La premier non vuole ufficializzare lo scontro, dunque glissa, seda, sopisce.
È un quadro imbarazzante. Dicono fonti di governo che i due leader si sarebbero sentiti al mattino, per discutere del codice della strada. Qualcuno parla di un incontro segreto, ma manca la conferma. Fatto sta che Salvini non si mostra al Senato.
Non sarebbe neanche lo scenario peggiore: la sua presenza avrebbe infiammato l’Aula rendendo impossibile dribblare il problema. Di Ucraina, d’altra parte, si finisce comunque per discutere. E di Salvini, che Meloni mai nomina: «La maggioranza è coesa – è il massimo che riesce a dire, replicando al dem Filippo Sensi – non c’è nulla oltre la linea politica che un governo vota in Aula e rappresenta all’estero senza tentennamenti. Piuttosto, qualche tentennamento c’è nel Pd». «Ci dice formalmente cosa pensa delle parole del suo vice?», insiste Francesco Boccia.

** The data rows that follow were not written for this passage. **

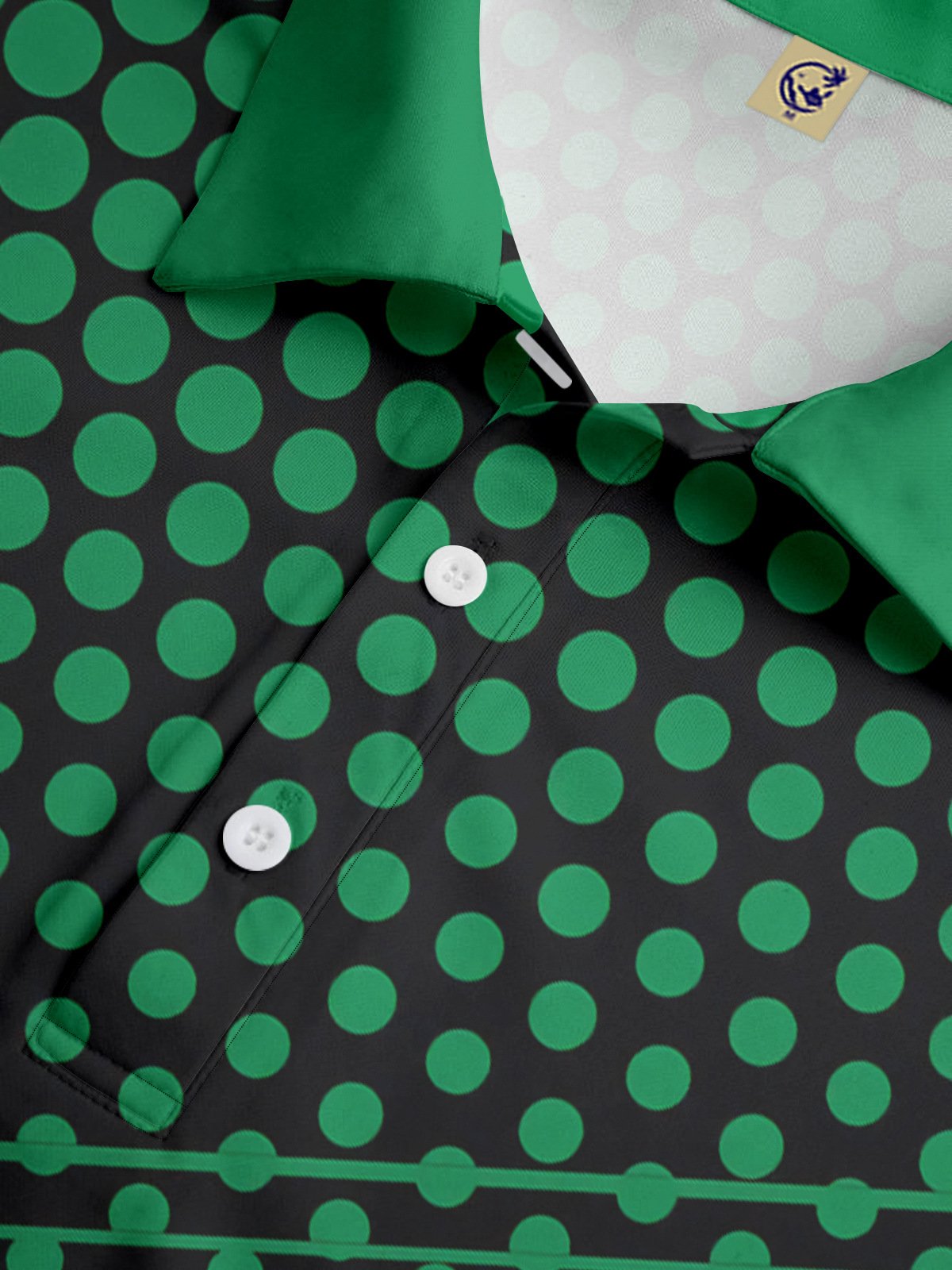 Geometric Polka Dot Button Short Sleeve Golf Polo Shirt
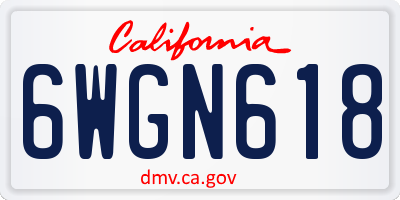 CA license plate 6WGN618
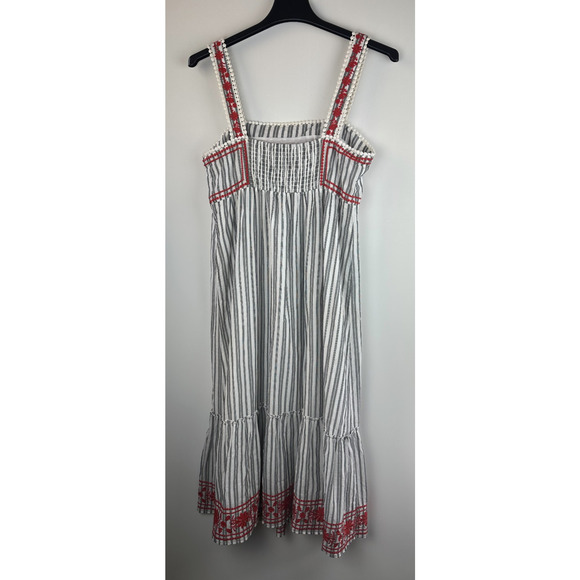 Kate Spade x Broome Street Sleeveless Midi Dress Floral Embroidered Stripe Large - Picture 9 of 16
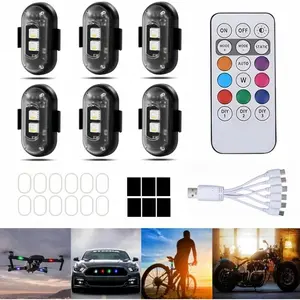 6PCS Wireless LED Strobe Warning Lights with Remote Control 8 Colors USB Charge IP65 Waterproof Anti-Collision for Car Interior Motorcycle Bike Drone Truck RC Aircraft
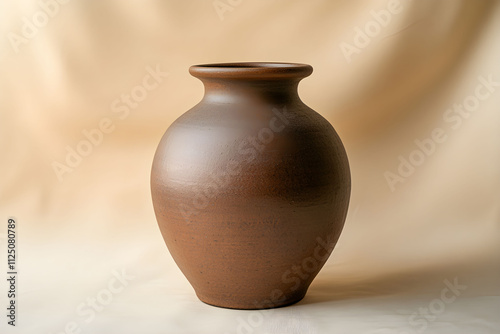 Rich brown pottery vase exuding warmth and trendy design perfect for home decor or artistic display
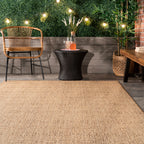 Filigree Indoor/Outdoor Flatweave Rug | Brown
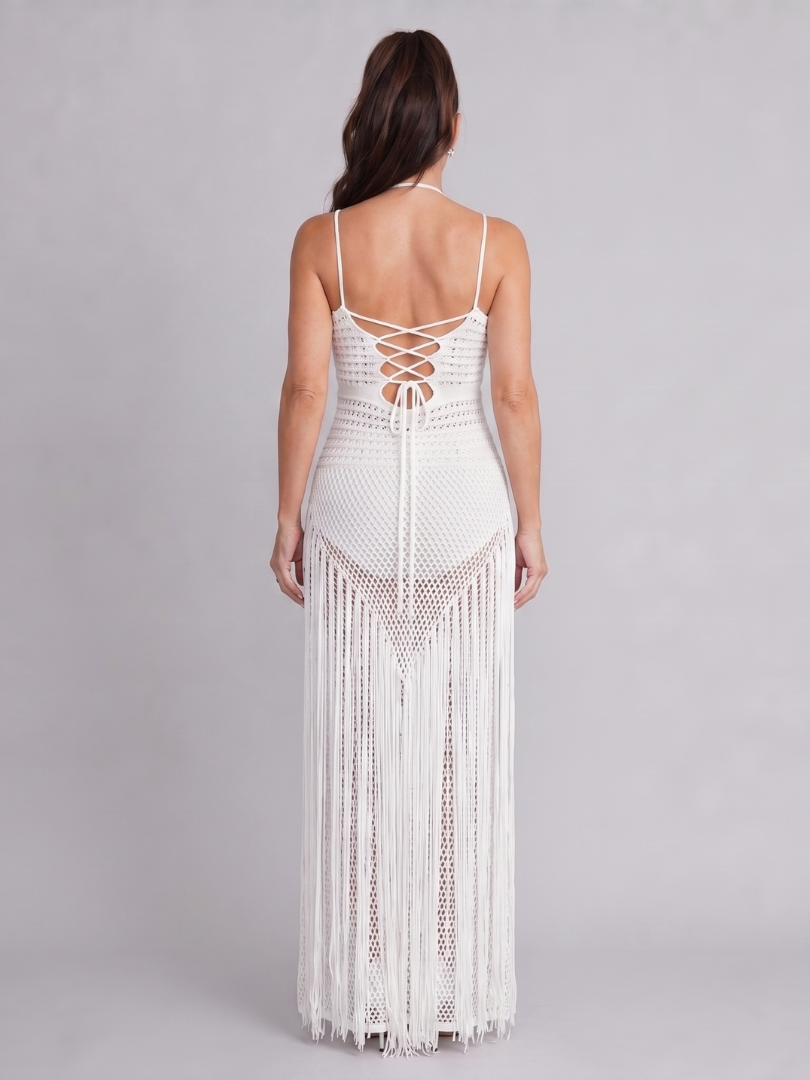 Zephyra | Abito Maxi con Scollo All'americana e Dettagli in Frange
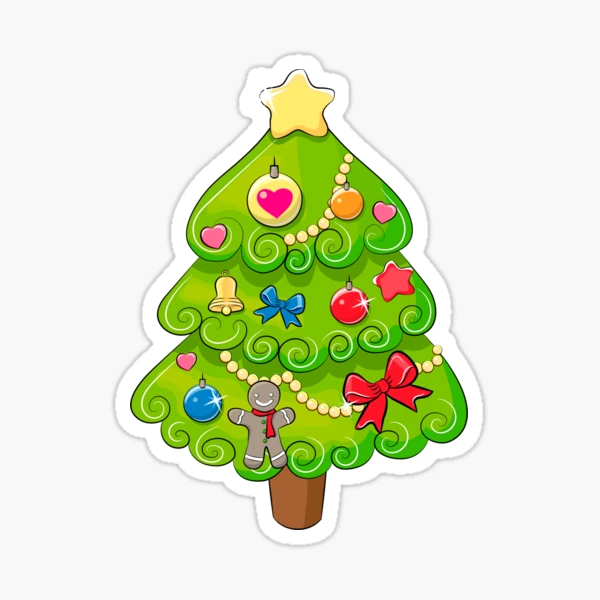 Christmas Tree Sticker for Sale by skazka111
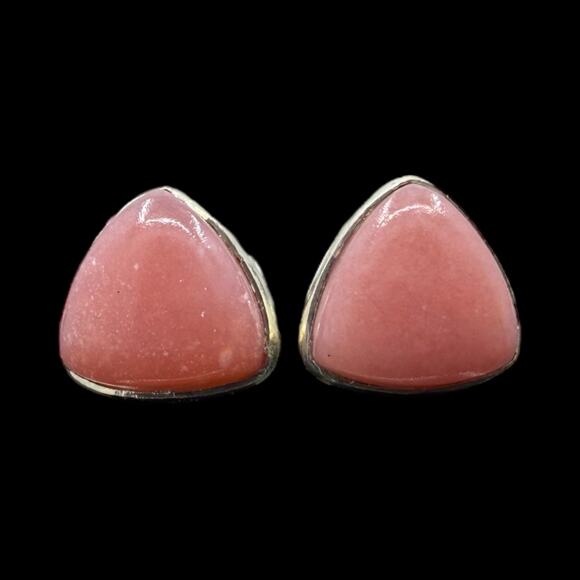 Natural Peruvian Pink Opal Stud Earrings 925 Sterling Silver Handmade Artisan - Picture 3 of 5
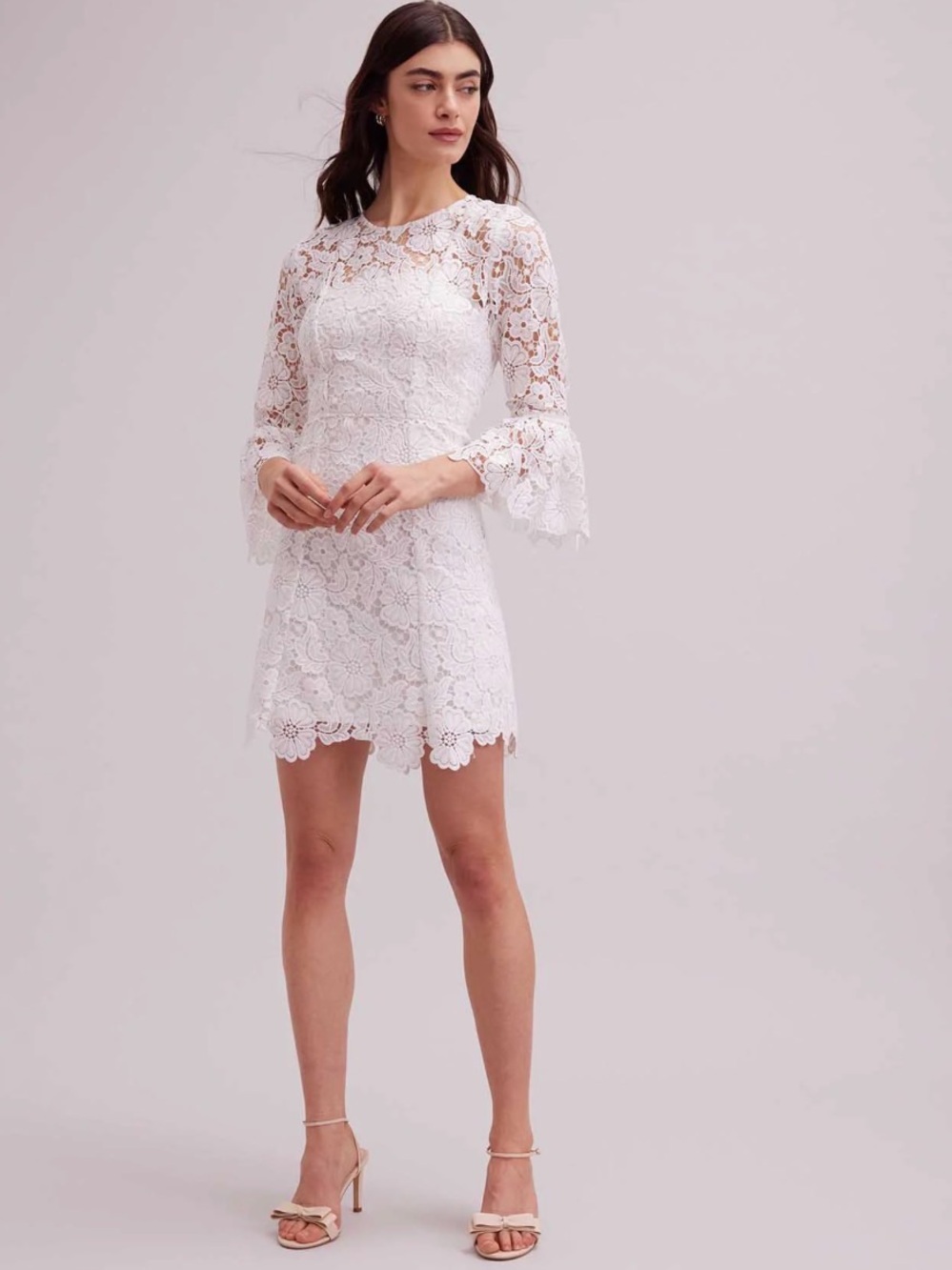 Anne Fontaine Dor White Floral Lace Mini Dress with Bell Sleeves size 44 French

Eppure, con la Lega un problema esiste. Diventa ancora più chiaro quando la premier prende le distanze da Emmanuel Macron, che aveva ipotizzato l’impiego di militari europei sul suolo ucraino. «Approfitto per ribadire che la nostra posizione non è favorevole in alcun modo», anche perché «foriera di una escalation pericolosa da evitare ad ogni costo ». La Lega sceglie l’unico punto su cui la leader si mostra meno radicale dei francesi sul sostegno a Kiev per incunearsi: «Le parole della presidente sull’Ucraina, con particolare riferimento al rischio escalation, confermano la linea responsabile e di buonsenso del governo, così come auspicato da sempre dalla Lega ».
Di fatto, ribalta quanto sostenuto da Meloni: è lei, giurano fonti vicine a Salvini, a sposare l’approccio leghista. E si va avanti così, con una distanza siderale, ma che Meloni continua a non certificare.
Eppure, basta ascoltare il resto dei ragionamenti della premier per rendersene conto. Condanna le «elezioni farsa» nei territori ucraini occupati, così come le «vicende che hanno portato alla morte in carcere di Navalny, il cui sacrificio in nome della libertà non sarà dimenticato».
A chiudere la giornata parlamentare, però, è l’incredibile sortita del senatore di FdI Roberto Menia, che arriva a sostenere: «La pace non si fa ipotizzando interventi militari per i pruriti muscolari di uno che si presenta piuttosto femmineo. E capite di chi parlo». «Definire Macron femmineo è una mancanza di cultura», replica sdegnato Matteo Renzi.